Exercise:
Pictures are to be left out; every line from the one with "ткани: 19 группа" through the end of the data must be transcribed exactly.

Dataset section:
──────────────────────────────
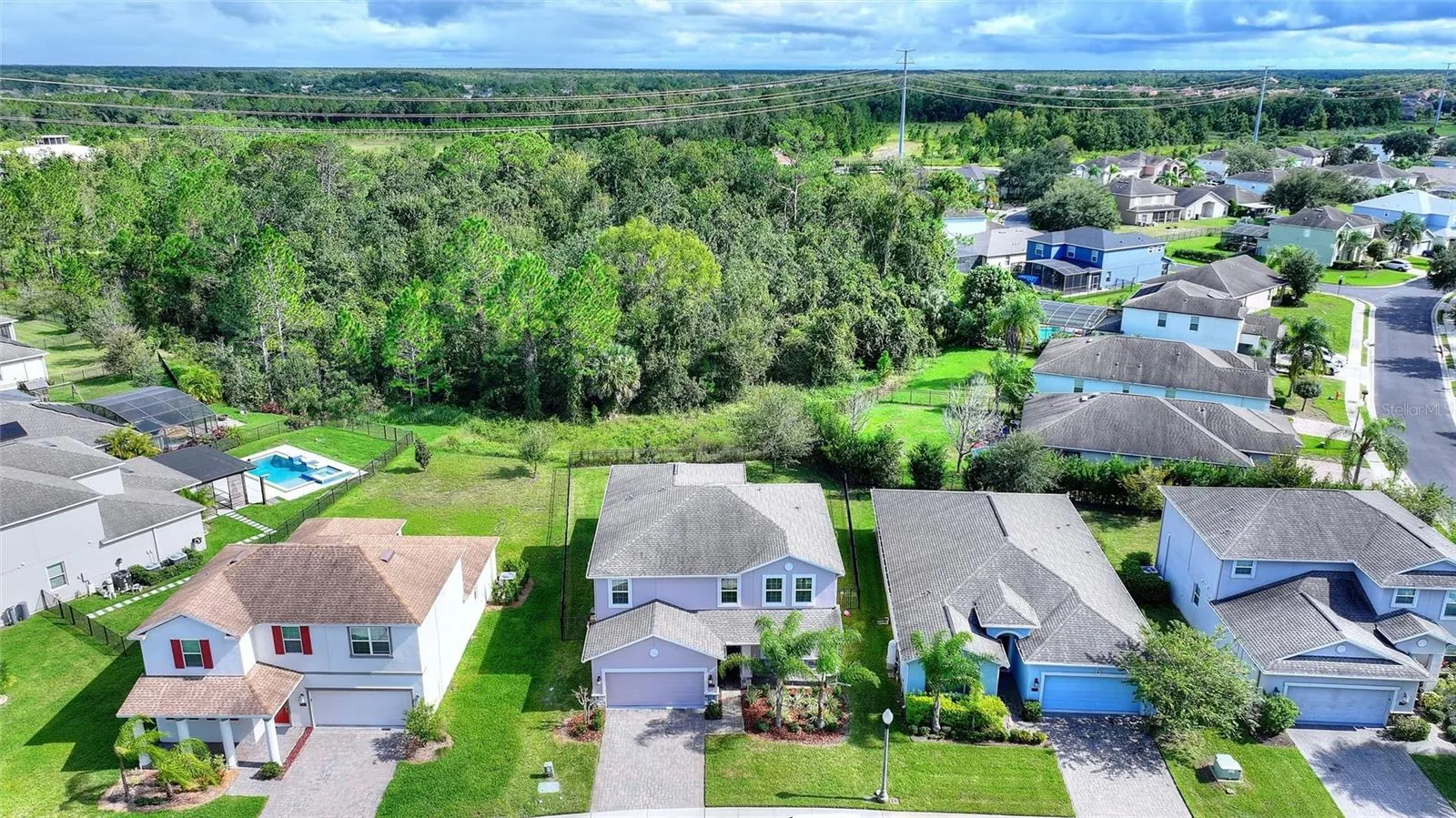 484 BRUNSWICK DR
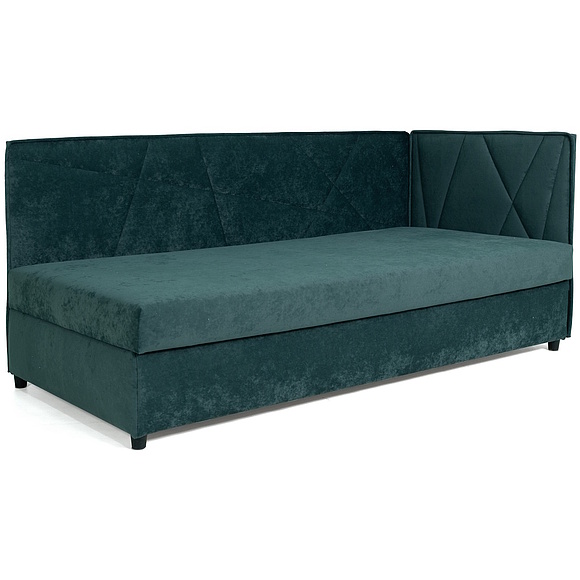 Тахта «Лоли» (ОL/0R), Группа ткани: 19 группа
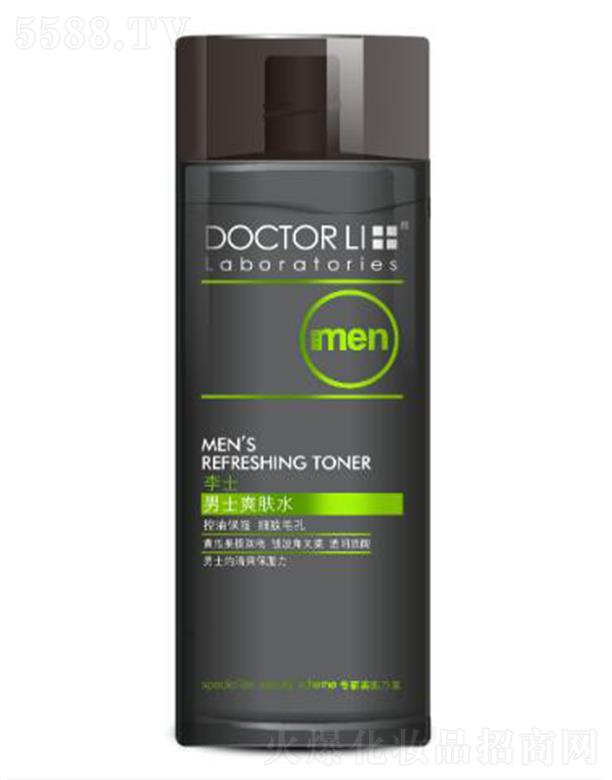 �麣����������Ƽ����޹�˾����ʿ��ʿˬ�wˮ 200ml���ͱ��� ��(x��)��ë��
──────────────────────────────
Task solution:
 Тахта «Лоли» (ОL/0R), Группа ткани: 19 группа
 �麣����������Ƽ����޹�˾����ʿ��ʿˬ�wˮ 200ml���ͱ��� ��(x��)��ë��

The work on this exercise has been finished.